Jusqu’en 2016 et la bataille d’Alep, Roua avait l’espoir de voir le régime se faire renverser, même si le refus franco-américain de 2013 et l’intervention russe en octobre 2015 avaient déjà scellé le sort des rebelles. « J’ai vraiment été triste de voir comment on nous a laissé tomber ». Elle exprime aussi une certaine rancœur envers les Kurdes du PYD qui ont obtenu un soutien crucial des forces de la coalition « Je ne pense pas qu’ils soient intéressés par le bien de la Syrie. Ils pensent à eux, mais pas au pays ».
Roua est athée et n’aime pas parler de la foi. « Ce qu’al Nizâm a voulu faire, c’est que notre identité et nos opinions soient définies par notre religion ». D’ailleurs, cette confessionnalisation de la répression de Thawra opérée par le régime a eu pour principal effet le retour d’un conservatisme sociétal où le régime peut se présenter en garant des traditions islamiques. Elle regrette également la médiatisation du conflit qui s’est largement concentrée sur l’Etat Islamique : «Ici, on a des cerveaux qui fonctionnent encore. Une grande partie de la jeunesse mériterait d’être plus évoquée, qui est beaucoup plus représentante de la Syrie que ceux qui ont rejoint l’EI (…) Pourquoi est-ce que tous les documentaires se sont focalisés sur Daech et les choses négatives ? ». Cependant, Roua rappelle que la Révolution n’a pas eu que des conséquences négatives pour elle et certains jeunes. « Quelque part, j’ai eu de la chance de voir mon dictateur perdre le pouvoir que lui et son père ont concentré depuis 40 ans. Je pense que ça m’a fait grandir et que j’ai connu des moments inoubliables qui me serviront pour le futur. »
Roua ne prétend pas que son message soit partagé par la majorité des Syriens, et n’entretient pas d’alternative solide au pouvoir de Damas en Syrie qui respectera plus ses Droits. Elle refuse de devoir choisir entre les barbus et les Shabiha, qui ne sont selon elle que les deux faces d’une même pièce, car l’islamisation de l’opposition est le piège qu’a tendu Assad et le régime, dans lequel Al Sarout et d’autres sont tombés, malgré le réel soutien populaire dont ses jeunes révolutionnaires bénéficiaient.

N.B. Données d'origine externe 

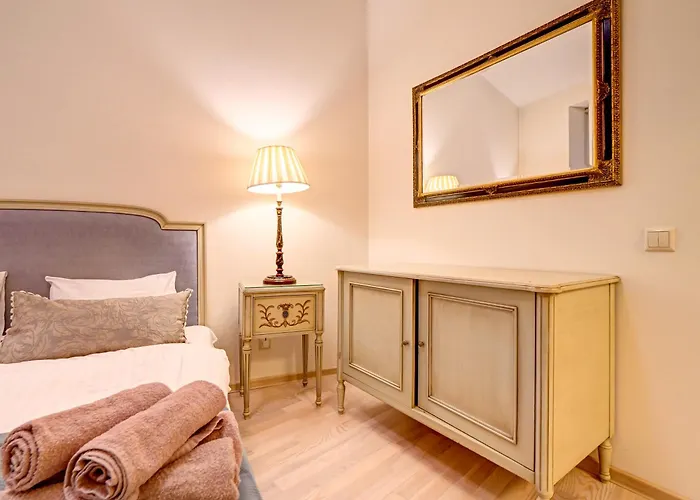 Old Town Doma View 1br Dzīvoklis Riga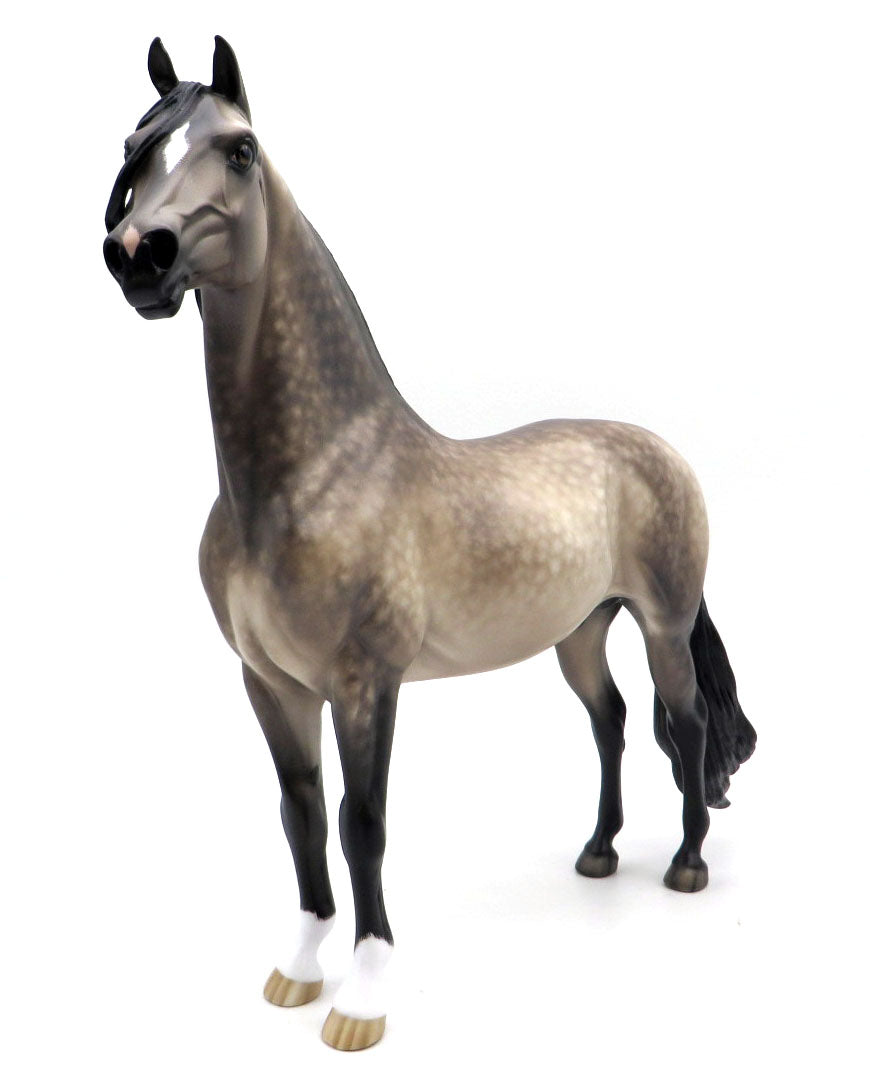 Blink - Buckskin Morgan by Sheryl Leisure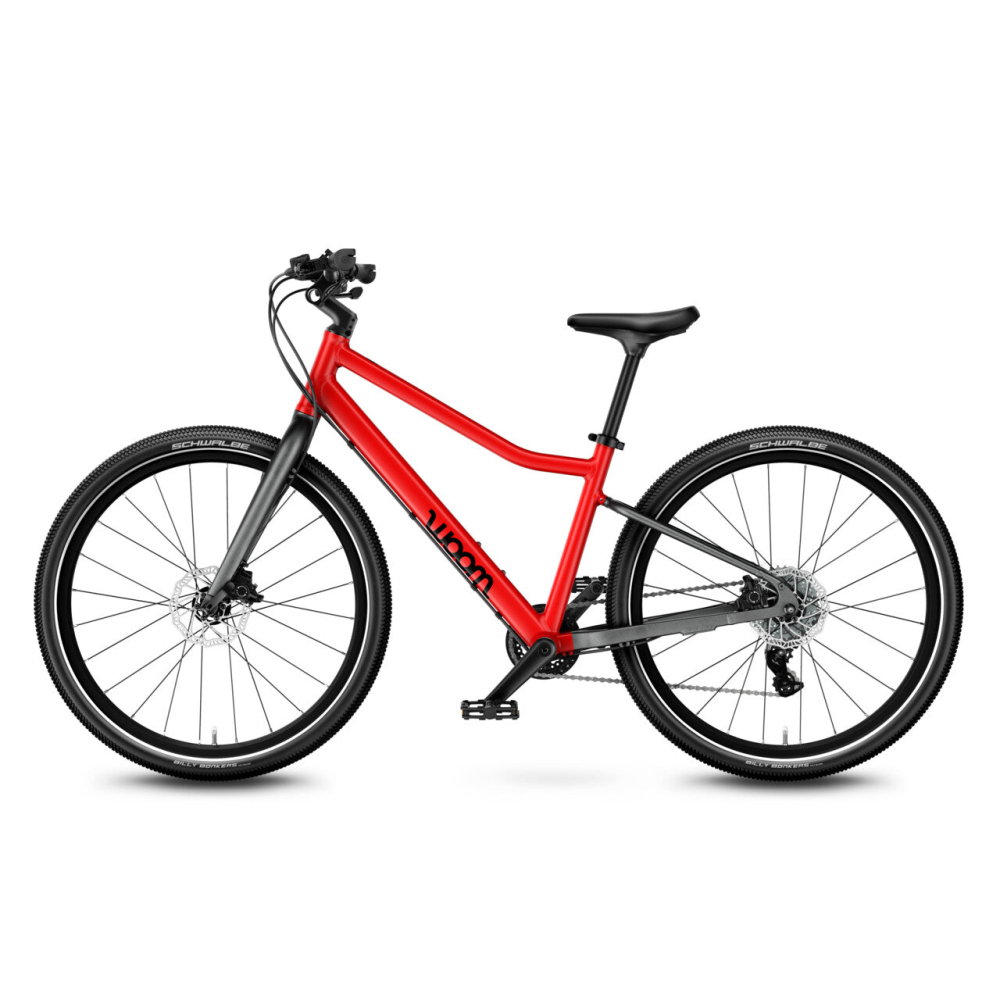 BICICLETA COPII WOOM EXPLORE 5 24''  WOOM RED [2]
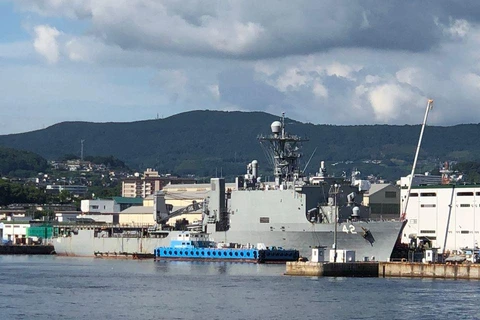 Công ty Kanto Kosan bị nghi xả nước thải trực tiếp của các tàu chiến Mỹ ra các cảng ở Yokosuka, Sasebo và Okinawa. (Nguồn: anticorruptiondigest.com)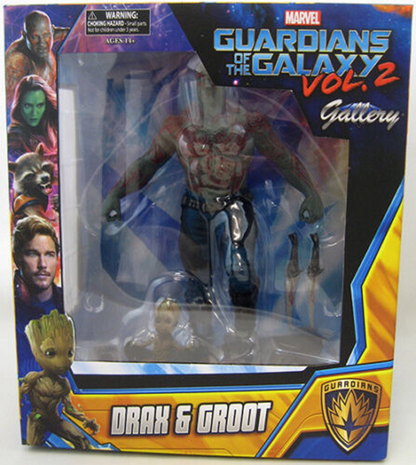 Marvel Gallery Statue - Guardians of the Galaxy - Drax & Baby Groot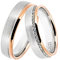 DOOSTI Partnerring/Trauring Bicolor 925/- Silber (Damenring, 52 (16.6))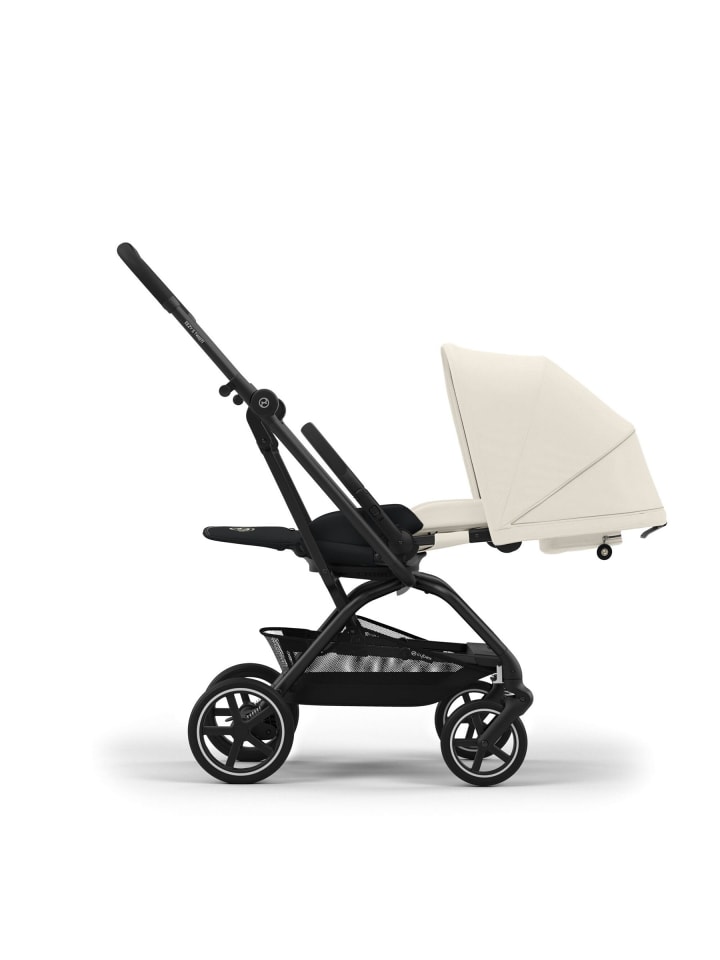 Cybex Cybex Eezy S Twist 2 Buggy - Farbe: Canvas White / Gestell Black günstig kaufen onesize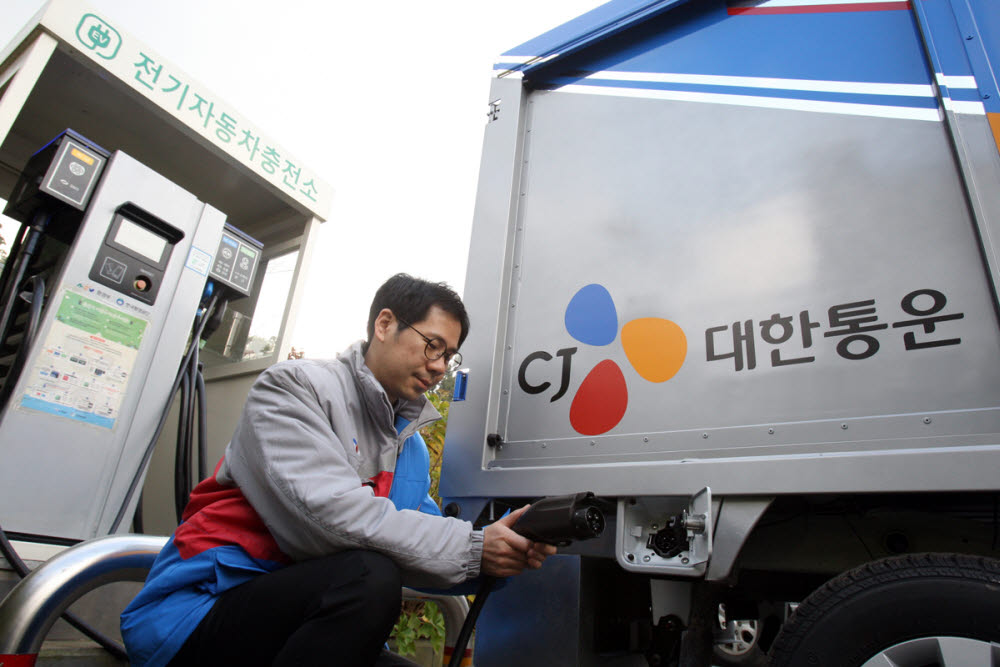 CJ대한통운, UN 국제 친환경 기준 'GRP' 인증 우수등급 획득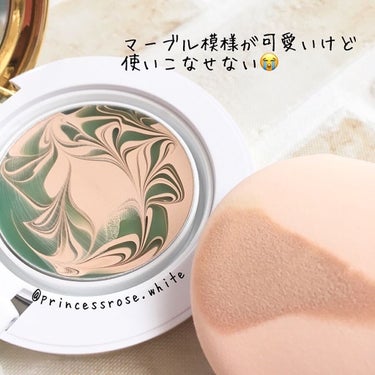 VT ブルーオレットウォーターコラーゲンセットのクチコミ「.
@vtcosmetics_official 様の
#ブルーコラーゲンパクト の紹介❤.....」（3枚目）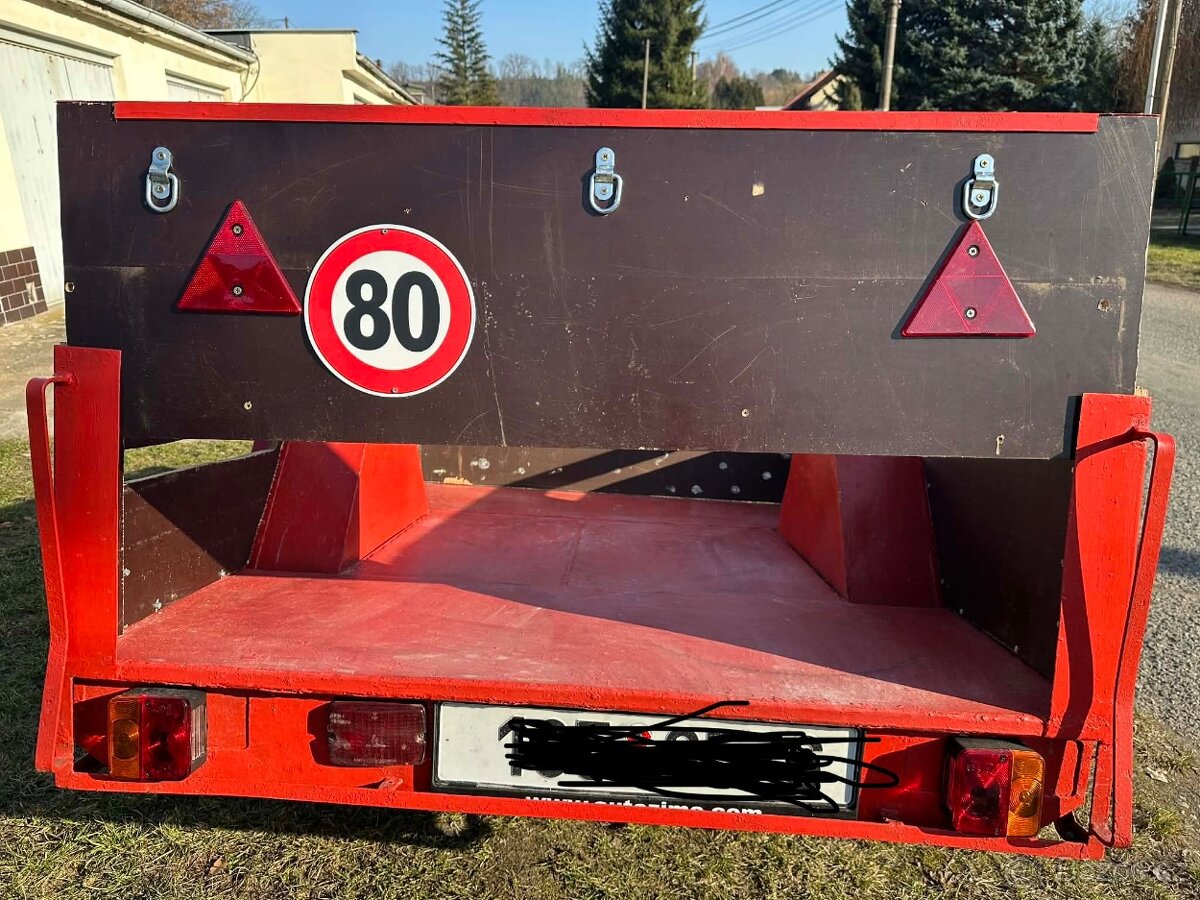 Přívěsný vozík za auto - 8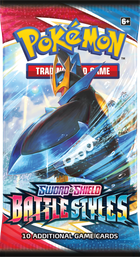 Pokemon TCG: Battle Styles Booster Box, 36 szt.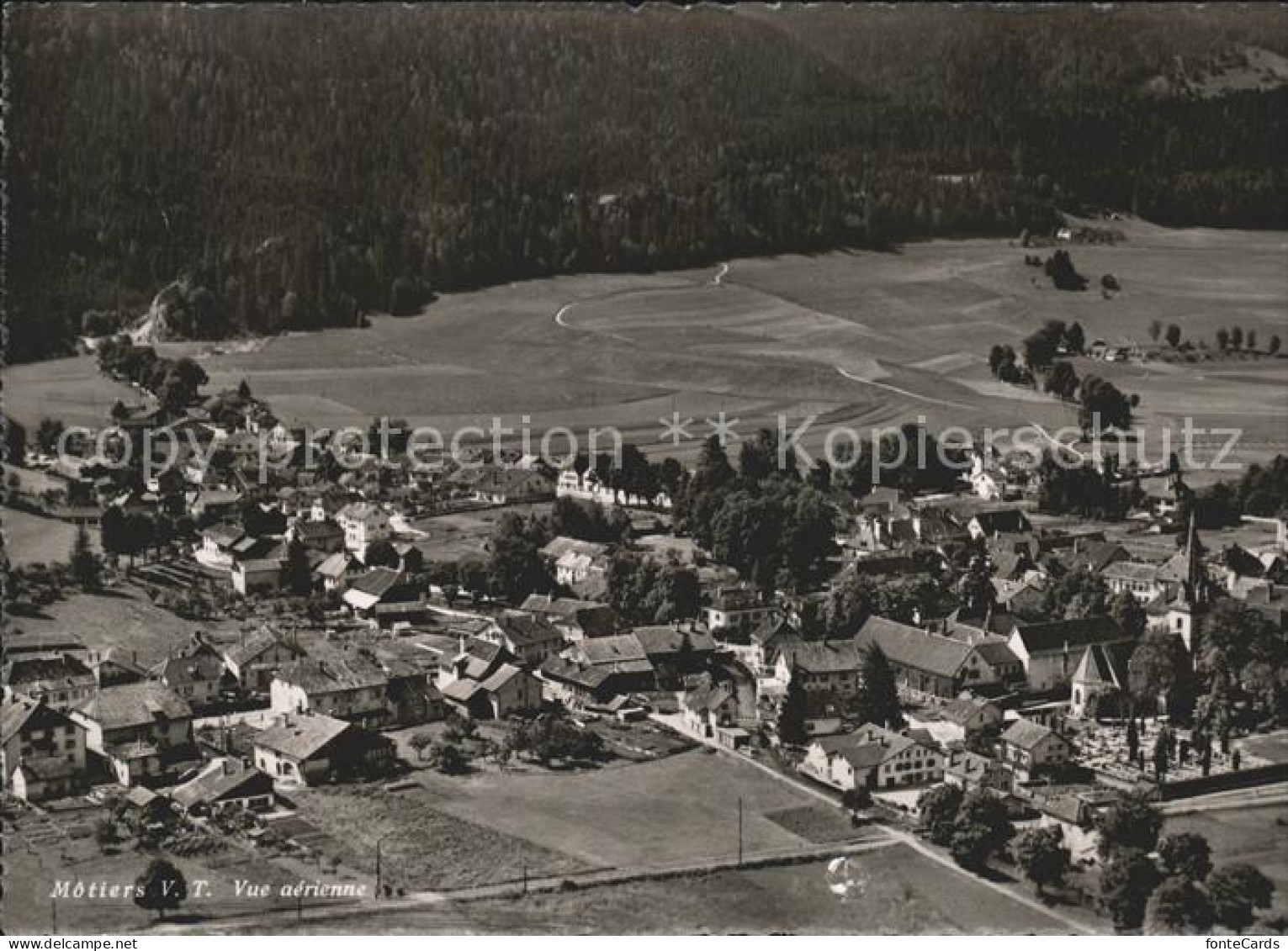 11621616 Motiers Vue Aerienne Motiers - Altri & Non Classificati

L’autre alternative se trouve en Europe, dans les camps de réfugiés, ou a été emprisonné et massacré. Entre fuir Salamyeh pour acquérir sa Dignité mais être impuissante à changer son pays, ou rester et demeurer passive, le choix du départ ne peut paraitre que comme une évidence pour Roua.
* Le prénom de Roua a été changé pour des raisons de sécurité
**Un témoignage original recueilli et publié par « Le Perroquet » sur son blog, le 27 février 2021. Reproduit ici avec son aimable autorisation.